I am fairly new to bioinformatics and currently have issues with a task that seems like it should be fairly simple. The situation is the following:
I have a library of DNA molecules with a variable region surrounded by fixed sequences. What I want is to a) get statistics regarding the distribution of nucleotides in the variable sequence (e.g. calculate a sequence logo) b) possibly find families of sequences in the variable region via clustering.
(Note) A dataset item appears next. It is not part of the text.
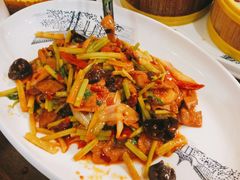 泡椒仔姜鲜牛肝-伊兰麒兰馨园·川菜·清真馆(339电视塔店)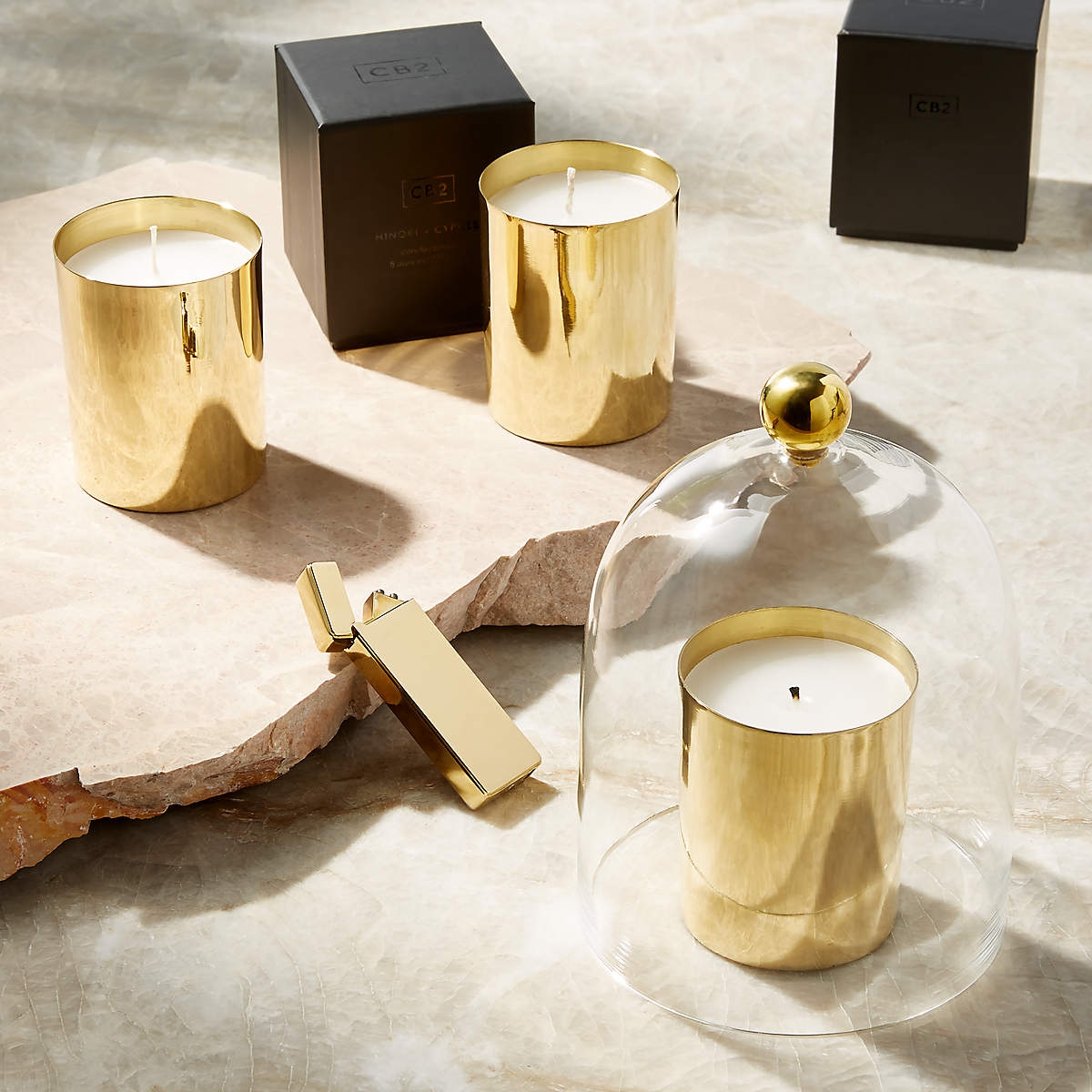 Cedarwood + Tobacco Scented Candle 8oz - Image 2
The library was sequenced with Nanopore sequencing. Aligning the reads was straightforward and gave me a sam file. What I am stuck with is how to extract sequence information from the aligned reads for the specific part of the reference I am interested in.
What I would like to have is the sequences of all individual reads in the region of interest. To illustrate this:
If the reference and the reads are (region of interest is bold)
CAGGCTGATG**ACTCAAAC[del]A**TAGCAAG[del]AG CAGUCTTATG**AATATATTTT**TAGCAAGCAG CCGGCTTATG**GCCCGCG[ins]TTA**TAGCAA[ins]GCAG
then I would like to extract
ACTCAAAC[del]A AATATATTTT GCCCGCG[ins]TTA
I can use "samtools view" to get the reads that cover (part of) the region of interest. This is not helpful, as I only care about the subsequence of the reads that is aligned the region of interest. "samtools mpileup" comes fairly close, but I can only get statistics about individual nucleotides (or do I misunderstand how this works?), not entire read subsequences.
Is there a tool that does what I want?